If the salary cap doesn't rise with league inflation [and the league's offer says it won't], they could easily be staring 200 million in operating profit a year in place in 10 years. The Bulls would easily bank over 1-1.5 billion dollars in operating profit over the next 10 seasons in this business model. The New York Knicks and Los Angelas Lakers will make even more under that model.
If the owners get their way in the dispute, and the league grows by 4% per year in revenue while operating expenses also grow by 4% and player salaries increase by 1% (which is what the owners offered before), the league collectively would be sitting at an operating profit of three billion dollars per year in 10 seasons.
100 million per year in operating profit per team on average. The poor franchise now that's presently losing money would likely only cash in on around 50 million per year of that profit, but those franchises are presently worth around 275 million and prorating their worth upwards only gets them to around 400 million.

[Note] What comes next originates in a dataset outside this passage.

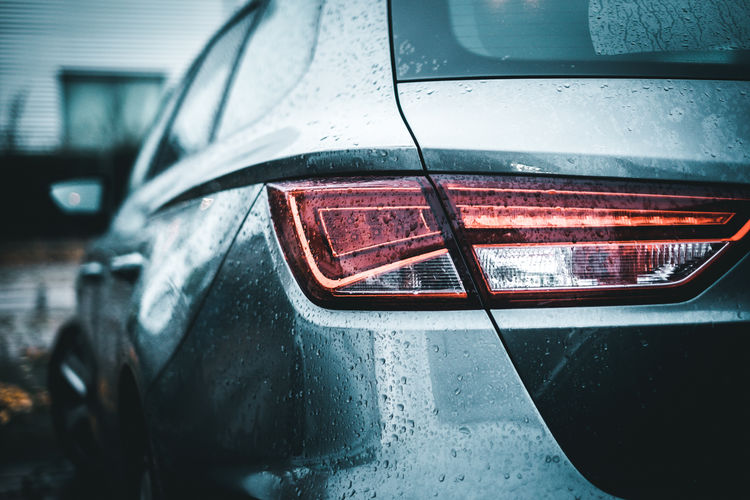 Close-up of wet car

Besides the profit, this business model would probably double to triple to quadruple the value of owning an NBA franchise, even a crappy one.
For a marquee franchise like the Bulls, their valuation would likely go up to the two to three billion dollar range.
These are your owners claiming poor. These are your owners that have locked out the players. These are your owners that have taken basketball from us. They don't need a massive overhaul of the system to remain profitable with their franchises, they need better revenue sharing, and they need to stop allowing buyers to finance their purchases and then roll the debt onto the balance sheet.
Even looking at this from a pure profit perspective is ridiculous as it passes over the massive intangible benefits of owning a sports franchise. It puts you in a unique club that only a few people in the world can be in. It provides fame, notoriety, marketing opportunity, tax shelters, and more intangible benefits than just about any business you could imagine.
The players aren't poor either, and if the owners win, I'm not going to lose even the tiniest bit of sleep over the fact that the four hundred or so players need to collectively share are a mere 1.4 billion dollars. They'll be just fine to the extent that they don't piss away all the money anyway, but I'm not mad at the players.
The players aren't the ones who are on strike trying to get an unreasonable amount of extra money while already filthy rich. The players already offered givebacks to the league of one billion dollars over 10 years. The owners are the ones being unreasonable, the owners are trying a power play that would likely increase the networth of even the poorest owner by at least a half billion dollars over the next 10 seasons.